Coal is Australia’s second top export and plays a major role in our nation’s economy, bringing in billions of dollars in tax and royalties.
Coal was the first commodity to be discovered and mined in Australia.
Now, we are the world’s largest coal exporter, with 78% of the coal we mine sent to over 30 countries. Coal is Australia’s second largest export after iron ore and Australia is the world's largest exporter of coal.
The two broad types of coal, brown and black, are both found in Australia. They have different chemical and physical properties. Brown coal (lignite), mined in the Victoria’s Latrobe Valley, is the lowest quality of coal, and is not exported. With a high moisture content and lower energy content than black coal, it is used primarily for power generation. Black coal, which comes predominantly from New South Wales and Queensland, and is exported, has a lower moisture content than brown and higher energy content, making it more useful and valuable as a fuel.
Australia ranks fourth in global black coal production after China (49%), the USA (15%) and India (9%). We export two kinds of black coal: thermal coal which is used for power generation, cement manufacturing and some industrial processes, and metallurgical coal, which is used in the manufacture of iron and steel. Over the past 10 years black coal exports have increased by more than 50%.
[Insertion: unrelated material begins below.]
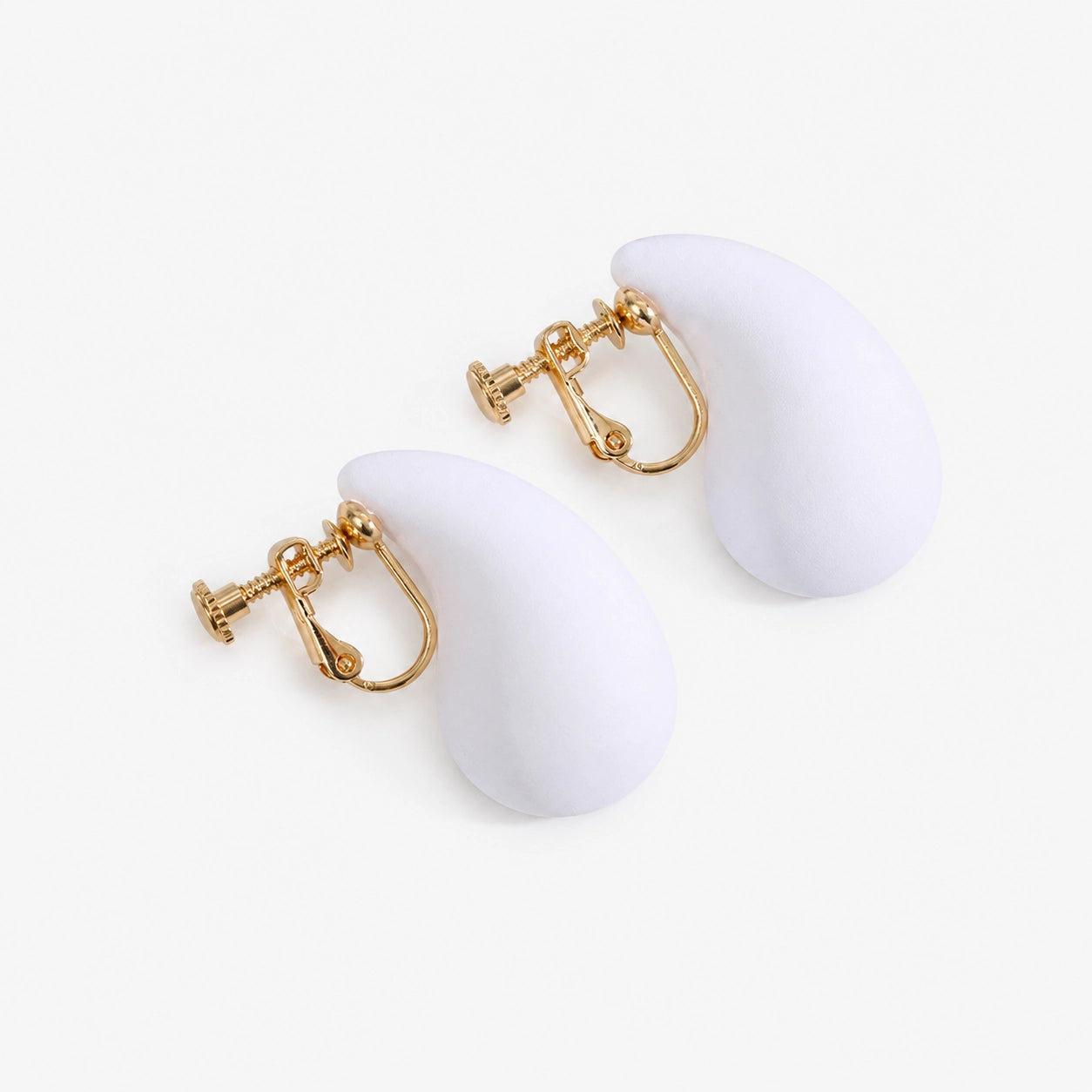 White teardrop clip on earrings with gold hardware displayed on white decorative stands, side view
The majority of our metallurgical coal is sold to Asia and Europe, where it is used in steel-making. The largest buyers are Japan, India, China and the European Union. Thermal coal exports principally go to Japan, the Republic of Korea and Chinese Taipei for use in power generation.
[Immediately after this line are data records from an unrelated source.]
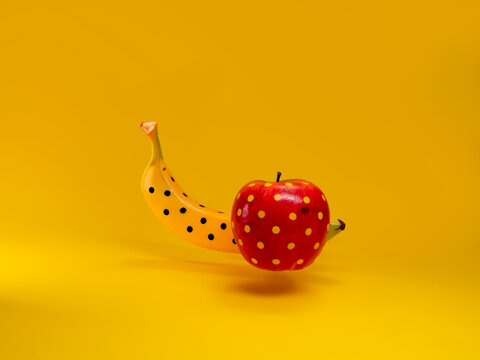 Close-up of an apple and banana painted with polka dots against a yellow background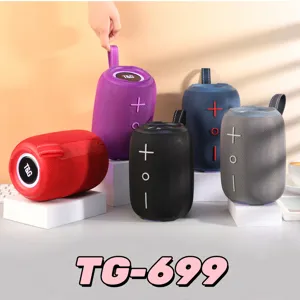 Enceinte Bluetooth sans fil portable avec tissu et LED colorées pour l'extérieur.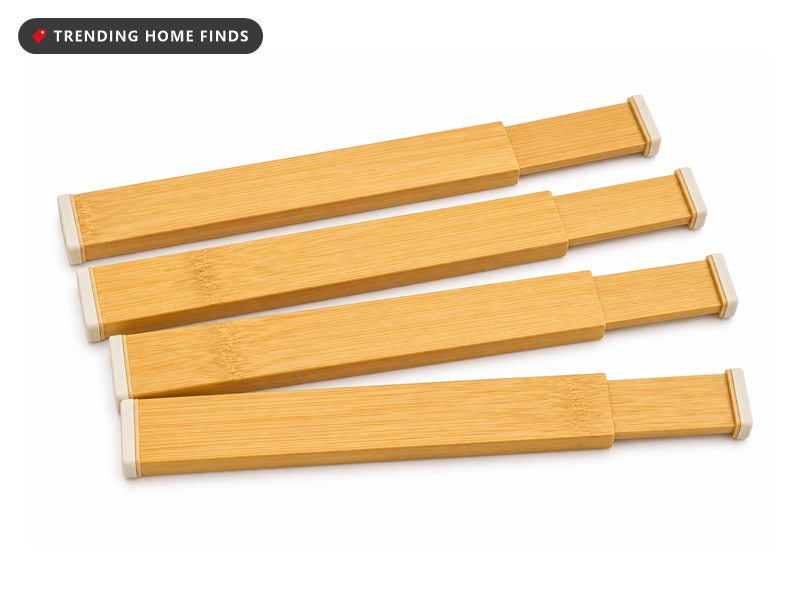 Four natural bamboo divider bars fanned out, each with a sliding telescoping joint and a pale rubber pad on both tips.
Japan takes 39.3% of Australia’s black coal exports – the largest share, with a total of 115.3 million tonnes exported last financial year.
China is our second largest market with 42.4 million tonnes in 2009-2010, almost double the previous year.
The Republic of Korea accounts for 40.7 million tonnes, India for 31.92 million tonnes and Taiwan for 26.53 million tonnes, rounding out the top five destinations for coal from Australia.
Together these five countries accounted for 88% of all black coal exports with a further 28 countries taking the remaining 12%.
Demand for coal in China and India is expected to increase dramatically over the next decade in line with these countries’ projected need for coal for energy and manufacturing.
Australia was the only one of the world’s 33 advanced economies to grow in 2009 during the worst global recession since the Great Depression.
The principal reason for this was our continued coal exports. The importance of coal in the economy is also evident in its growing share of Gross Domestic Product.
This share has more than doubled, from 1.7 % in 2006-07 to 3.5 % in 2008-09, making it a significant contributor to the mining sector.